Delta’s leaders think that’s rather harsh. Steven Hurlburt, director of the Delta Cost Project, pointed to a section of Jaquette’s paper comparing expenditures among three different databases. Compared to the other databases, Delta’s numbers were different -- but they weren’t that different.

“The differences in dollar amounts are insignificant,” Hurlburt said. “I don’t think the authors support those broad, sweeping conclusions that they make.”

And without grouping certain institutions, Hurlburt said, researchers will run into other problems. Say there’s one “parent” institution and three “child” institutions. When you measure per-student spending, you need to group the institutions in order to get an accurate ratio. If you don’t, you’ll be counting spending from all four institutions, but you’ll only be counting students at the “parent” institution.

And in that case, Hurlburt said, “you're going to make it look like they’re spending a whole lot more money than they actually are.”

In his paper, Jaquette also suggested that researchers create their own datasets. Delta’s database has a narrow focus, he argued, which makes it difficult to measure a wide range of issues.

“The Delta Cost Project was founded and funded based on this mainstream policy consensus about what are the important problems in higher education,” Jaquette said. “That narrow focus led to a narrow data set, which led to a narrow analysis being done.”

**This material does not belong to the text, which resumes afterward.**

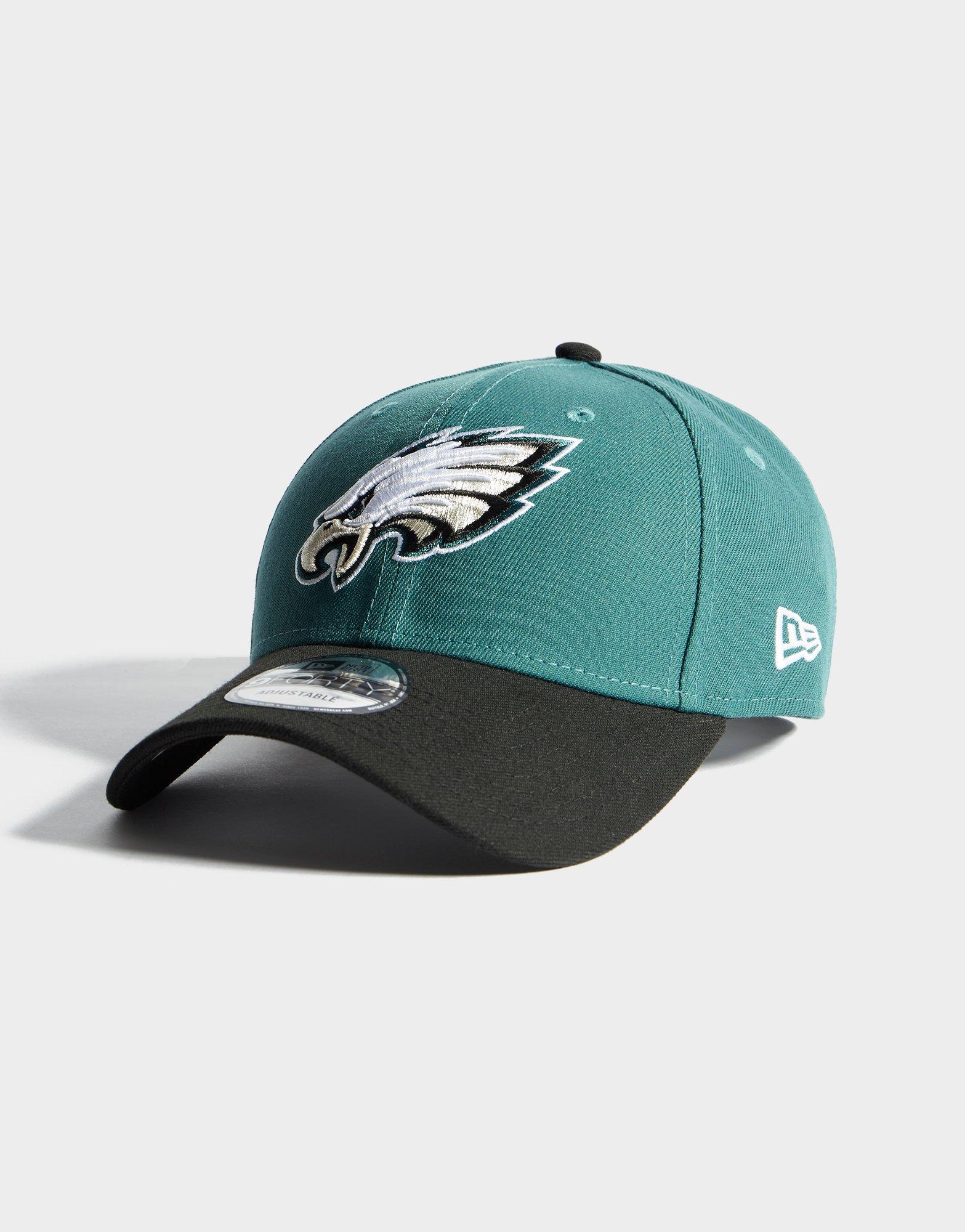 philadelphia eagles hat and gloves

Wellman, the project’s founder, said that it would be a lot of work for researchers to create their own databases, and many would shy away from that solution. But there are other ways to improve the data, she said, noting the TCS Online system, another Delta product, which doesn’t use as much grouped data. Fewer colleges group their data today than in the past, and TCS Online only goes back to 2007, so it's able to display ungrouped data for any institutions that have been reporting separately since then.

She hopes that the paper will spur the National Center for Education Statistics to put resources toward updating the database and improving the TCS system.

“I completely agree that the data can be made better,” she said in an email. “I don’t agree that the solution is to stop doing the analyses because of it.”